Two things we used to do with psych transports that may have helped. One was locking the door once we were in. The second is when you put the seatbelts on, put the release side on upside down, so the button is towards the patients body. Having the button down makes it take an extra couple of seconds to access the button, and the patient also has to figure out how to unlock the door. Those ten seconds or so should be enough time to yell to your partner to stop and for them to quickly pull over and stop. Again, not fool proof but why wouldn't you at least lock the door?


----------



## reaper (Mar 3, 2010)

I learned a long time ago that the seatbelt trick does not slow anyone down.

I never lock the doors with a pt in the back. Not only for safety reasons in a wreck, But I dont want a pt trapped in the back with me, if they flip out. I would rather they jump and hope we can get slowed down enough, in time!


----------



## rhan101277 (Mar 3, 2010)

Paramedics over here can give Haldol 5mg IM to patients who we see as a danger to themselves or others without med control contact.

I guess they thought he was under control.


----------



## FLEMTP (Mar 3, 2010)

Sorry some of you don't agree with me.. I also have a somewhat different perspective of things.. coming also from a law enforcement background.. and I've had training in restraint techniques and defensive tactics so I don't shy away from putting a patient back on the stretcher when they try and hop up. I also make it a point to sit next to them on the bench seat and not behind them in the jump seat.. so they know I am watching.. and I can use distraction techniques to prevent them from becoming preoccupied with the idea of bailing out. I also have a code word with my partner so if they do attempt to get up or if its my partner in back, we yell out the special code word which tells the person driving to slam on the brakes as hard as they can so the patient is thrown off balance. 

Lots of little things you can do to prevent a psych patient from bailing. Using the excuse that they are too fast or too big for you, etc etc isn't an excuse for protecting you and your patient. 

I know some of you will disagree.. but oh well.. in a perfect world right?^_^


----------



## FLEMTP (Mar 3, 2010)

reaper said:


> This shows no experience with psych Pt's. You don't always know that a pt plans on flipping out on you, prior to the event. They can be the sweetest person in the world, till it happens. We cannot request that every psych pt be sedated, just in case.
> 
> The medic did everything they could in this case, including trying to stop it from happening. They were over powered. Nothing that could be done. If the Dr knew that the pt had violent tendencies, then that is where it needed to start.

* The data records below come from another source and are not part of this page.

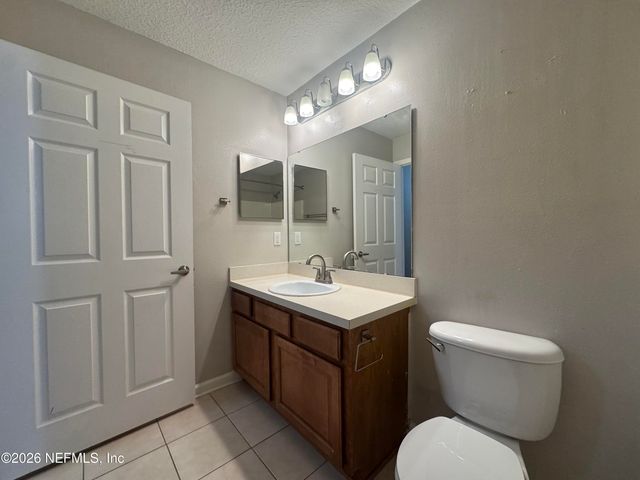 6099 MAGGIES Circle 114, Jacksonville, FL 32244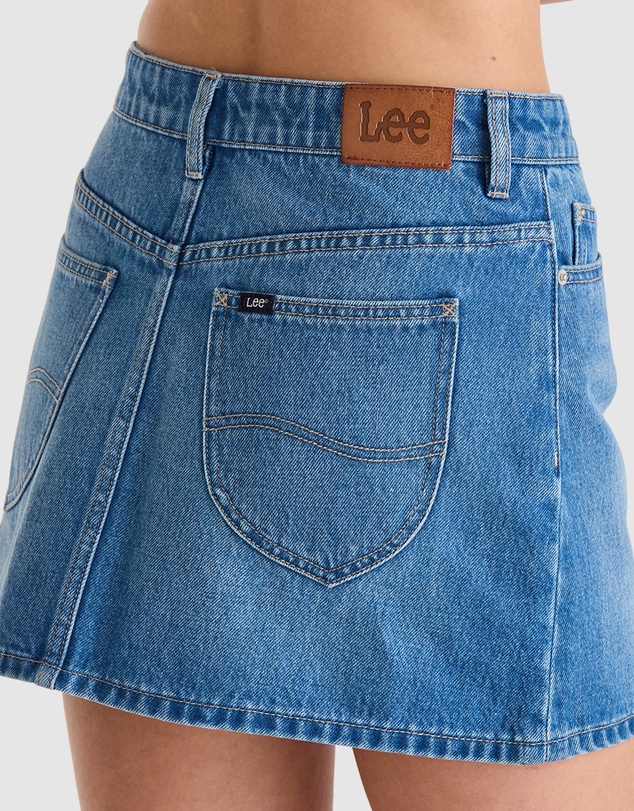 Lee - Mid Relaxed Mini Skirt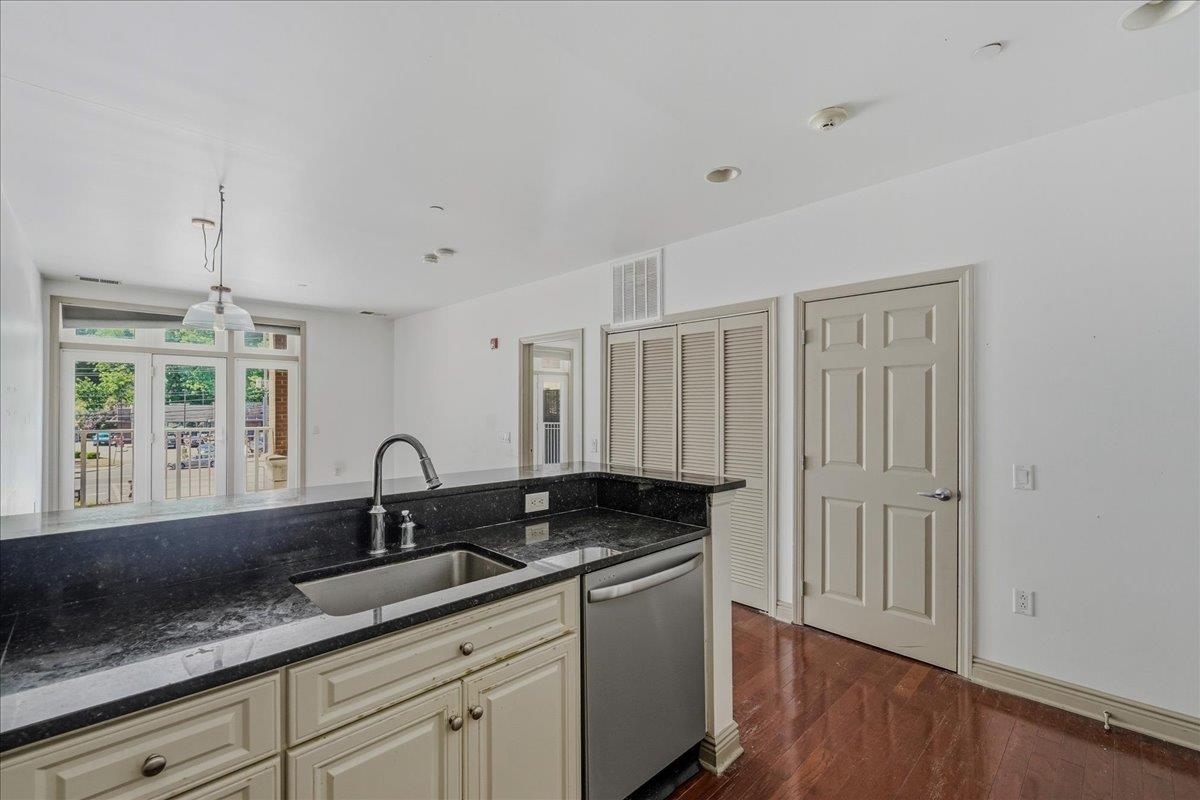 7400 River Road, Unit 217 North Bergen, NJ 07047 - Photo 2 of 23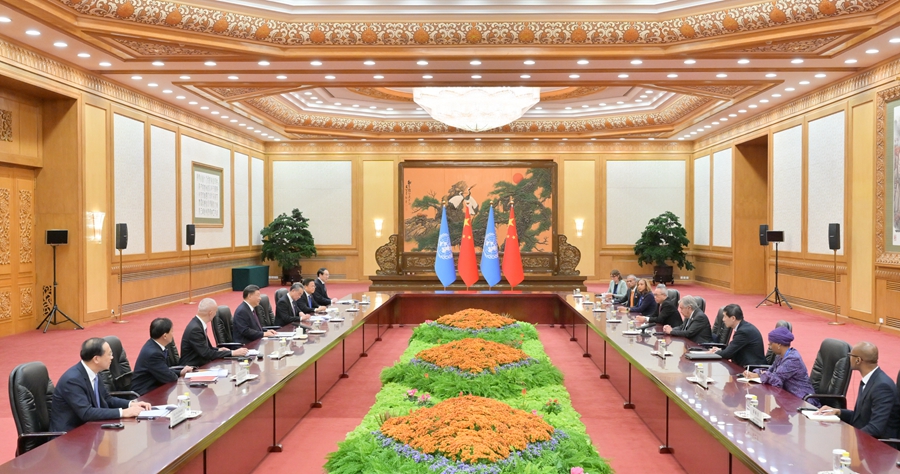 10月18日晚，国家主席习近平在北京人民大会堂会见来华出席第三届“一带一路”国际合作高峰论坛的联合国秘书长古特雷斯。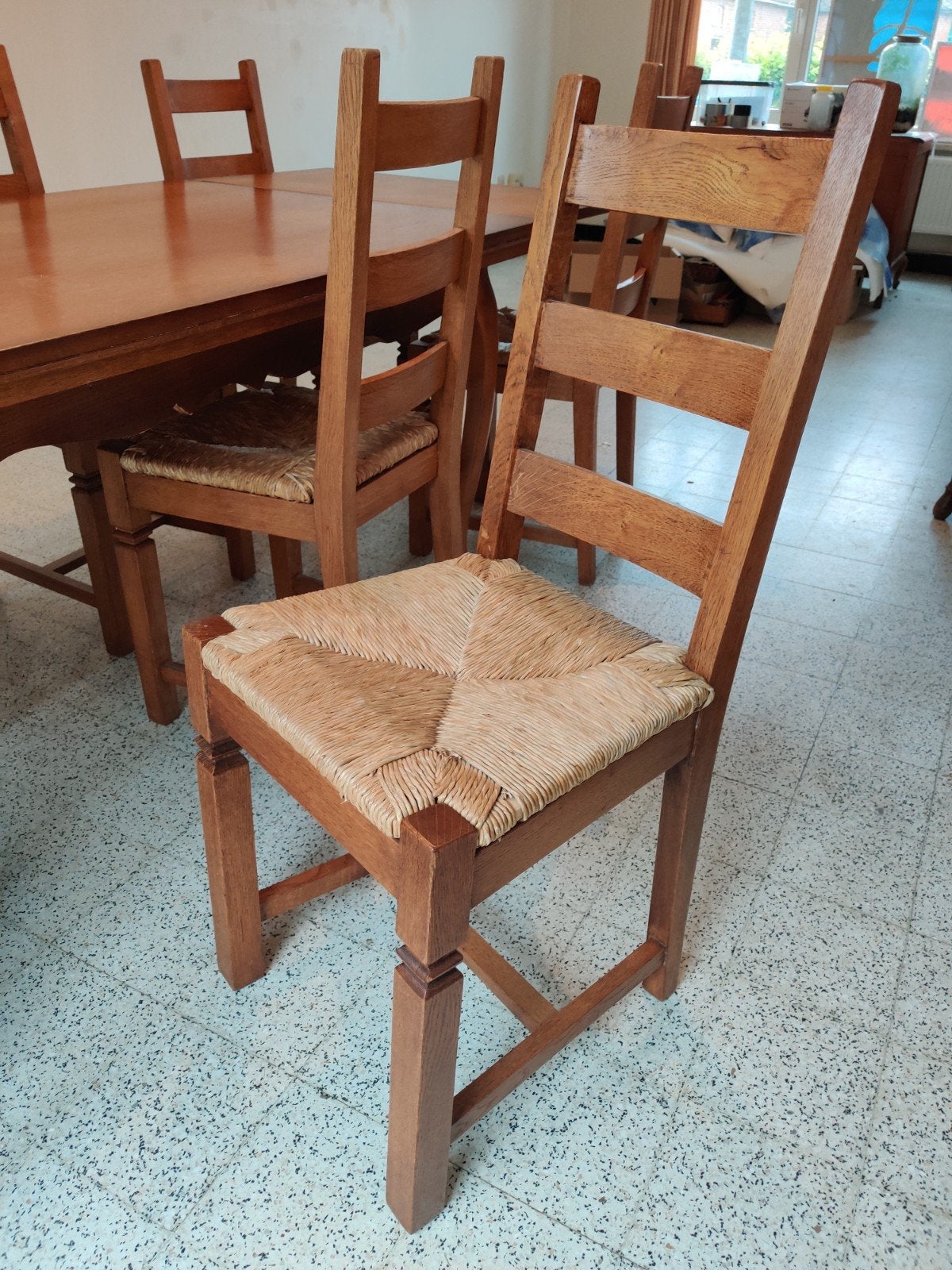 8 chaises de monastère avec table gigogne, Enlèvement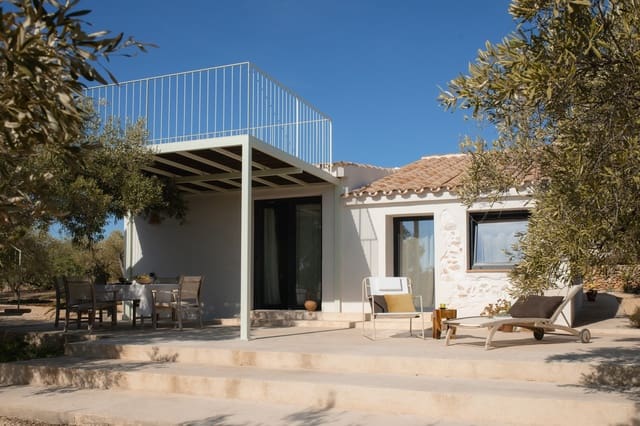 2 bedroom Finca/Country House for sale in L'Ampolla - € 315,000 (Ref: 10132162)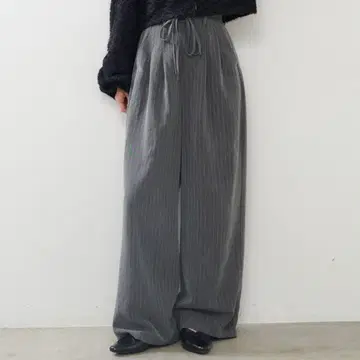 kastane 핀스트라이프 슬랙스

Oh, and just so you don't continue to have a perception that I have no experience with psych patients, the agency I worked with in detroit did a LARGE number of psych transfers... to the point where they would run a dedicated BLS car who would spend all night (12 hours) doing nothing but psych transfers.  Even though I was a paramedic, I LOVED picking up overtime on this unit and did it frequently.. so I have extensive experience with psych patients, and in the year and a half I worked there, never had a patient successfully bail out of my ambulance on me... and ive had more than a few give it a shot...so it kind of mystifies me how people can have it happen to them.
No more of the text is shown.